2025_09

Collected notes

Leftmost longest vs leftmost greedy

Both prioritize finding a match as early in the haystack as possible. Then, the second thing to consider is how long the match is. Given a choice in the matching (from e1|e2 or e* etc), the longest semantics picks choices such that the final match is the longest possible. For greedy, we pick choices such that will lead to the match the quickest.

Nullable quantifiers

If e can match the empty string, iterations of e{0,n} cannot match the empty string.

Capture reset

After each quantifier iteration, the values of all capture groups inside are reset to undefined. So /(?:(a)|b)*/ on “ab” will match the entirety of “ab”, but the group (a) will be undefined.

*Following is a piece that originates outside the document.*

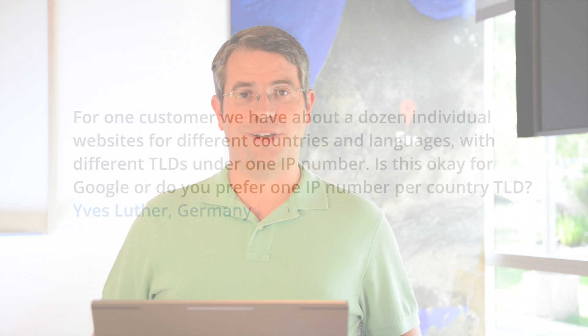Great question. So in an ideal world, it would be wonderful if you could have for every different .co.uk, .com, .fr, .de, if you could have a different separate IP address for each one of those and have them placed in the UK or France or Germany or something like that.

Backereferences to a group that did not match anything

Then the backreference matches the empty string. This applied to both backreferences to a group which did not match anything preceding the reference, and to a group following the reference.

To discuss

Getting started with Linden requires installing Warblre, would be good to include in the README. Or, if possible make the dune project reference the github repo with a pinned version

opam pin add warblre https://github.com/LindenRegex/Warblre.git
Does the backtracking tree allow to reason about leftmost longest semantics as well?
- Although, look-arounds in the semantics (namely lk_result) returns the groups of the first branch that matched.
Why the nullable quantifiers are only for min = 0?
Why does the Warblre matching function return the end index only? What about the start? -> see below the “full” algorithm of matching

Action items

Setup VSCode to work with Rocq, talk with Victor
Pin the Warblre version in Linden and link it to the github URL
Continue reading the paper
Start working on anchors in PikeVM
Do the exercise from branch aurele/exercise
Currently, matching is always anchored at some position in the haystack, and the general matching algorithm is defined as:
```
for i in 0..len(s):
    if anchored_match(r, s[i:]):
        return Matched
```
We want to establish an equivalence between the above algorithm an a rewrite of the regex into .*?(r)_#0: the regex is wrapped in a group indexed zero and is prefixed by a lazy dot-star.

Once this is proven, we can prove that the prefix acceleration is also equivalent to this algorithm.